Orange Flower & Dark Chocolate Madeleines
I love Madeleines! They are great for afternoon tea.
I have previously shared Madeleines recipe with you all before. This time, I want to share the idea of trying different flavours in making Madeleines. There are many many different flavours that you could add to Madeleines. The most common is vanilla or lemon. I personally have tried quite a few flavours like green tea and pandan. Most recently, I tried with orange flower water and dark chocolate. I absolutely love both!

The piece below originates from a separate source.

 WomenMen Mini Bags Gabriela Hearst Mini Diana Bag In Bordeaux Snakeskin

Orange flower water is a clear and distilled from the blossoms of the orange tree. It is widely used in making desserts, just like using vanilla essence. I have previously used orange flower water in Moroccan-Style Blood Orange Salad. And of course, using it in making Madeleines is great too! It has very subtle aroma that is light and refreshing.
Apart from the soft, light and fluffy texture of Madeleines, what attracts me most is the shape. I have a few Madeleines moulds of non-stick and the silicone ones. But, my all time favourite is still the non-stick pan.

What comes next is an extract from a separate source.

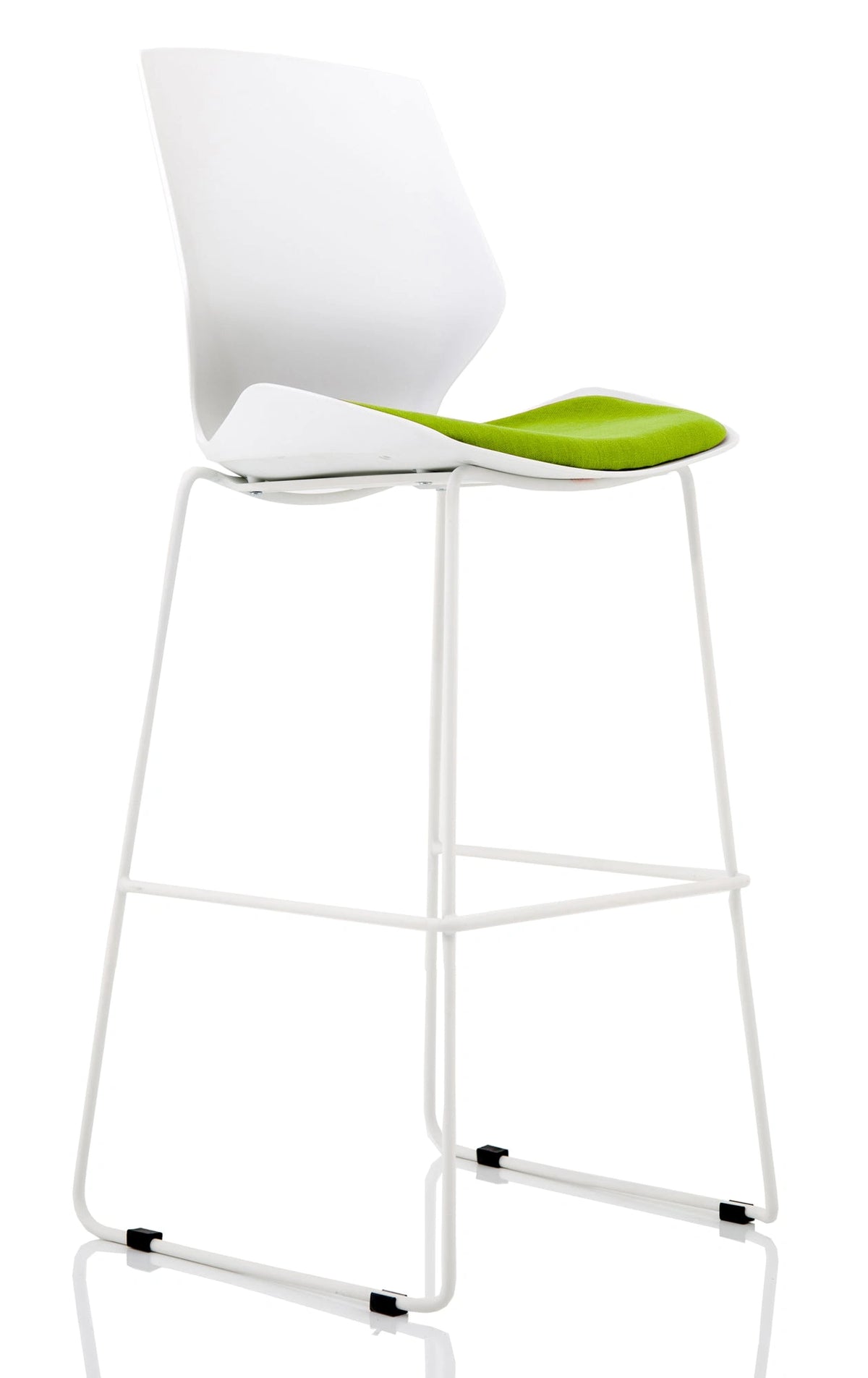 Florence White Frame Fabric Seat High Stool Chair KCUP1541 1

I doubled the recipe when I last made these yummy little cakes. I divided the mixture into two – one mixture for orange flower flavour and the other for dark chocolate. For dark chocolate, you could use chocolate powder or you could melt about 50g of dark chocolate. All these were gone in just 2 days! I have to always remind myself not to eat more than two each time but I couldn’t help it as they were just too good!

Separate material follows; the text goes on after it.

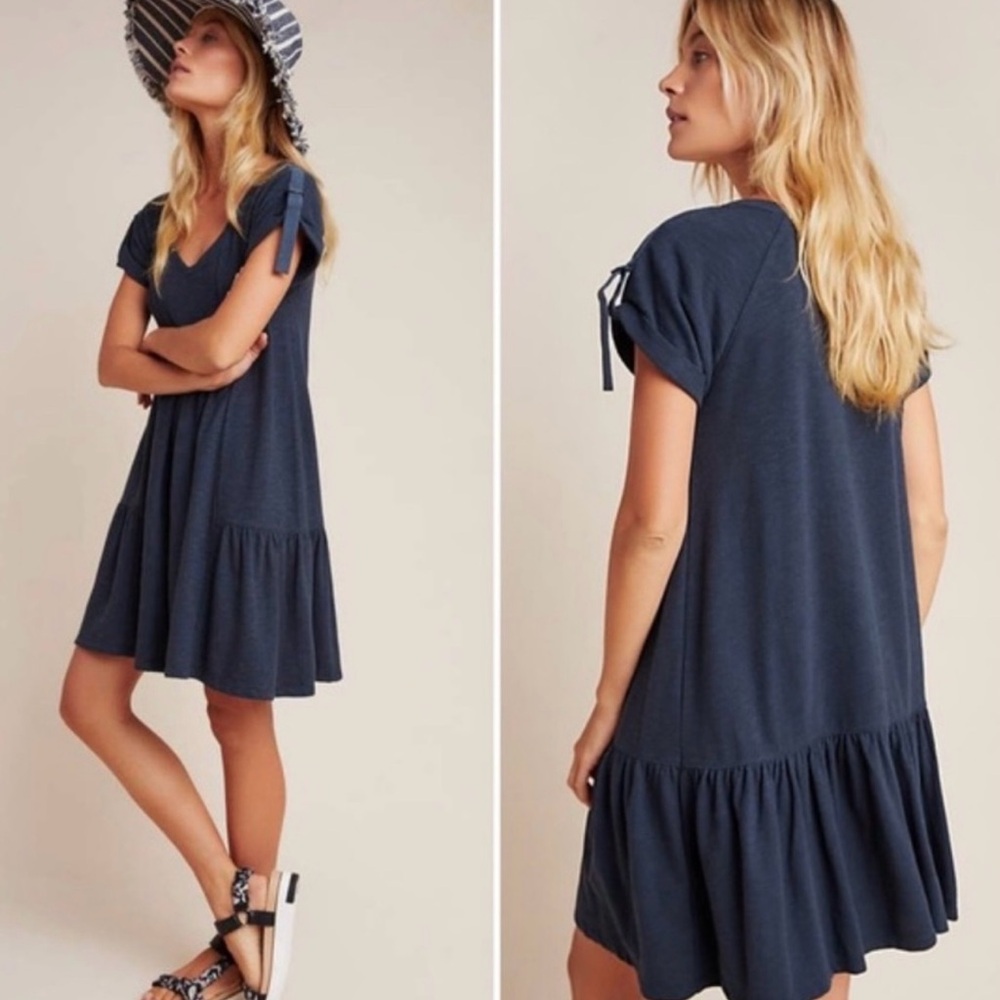 Anthropologie Saturday Sunday Kathie flounced mini dress in cotton modal Small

For the Orange Flower & Dark Chocolate Madeleines:
1.5 tsp orange flower water
1 tsp yeast
1. Preheat the oven to 200°C. Brush madeleine moulds with melted butter.
2. Whisk the eggs and sugar until the mixture is thick and pale and the whisk leaves a trail when lifted.
3. Mix the yeast into the flour. Gently fold in the mixture, then add the melted butter and orange flower water. (To make chocolate madeleines, melt about 50g of dark chocolate in microwave and add the melted chocolate to the mixture and mix well)
4. Spoon into the moulds, leaving a little room for rising. Bake for 12 minutes or until very lightly golden and springy to the touch. Remove from the moulds and cool on wire rack.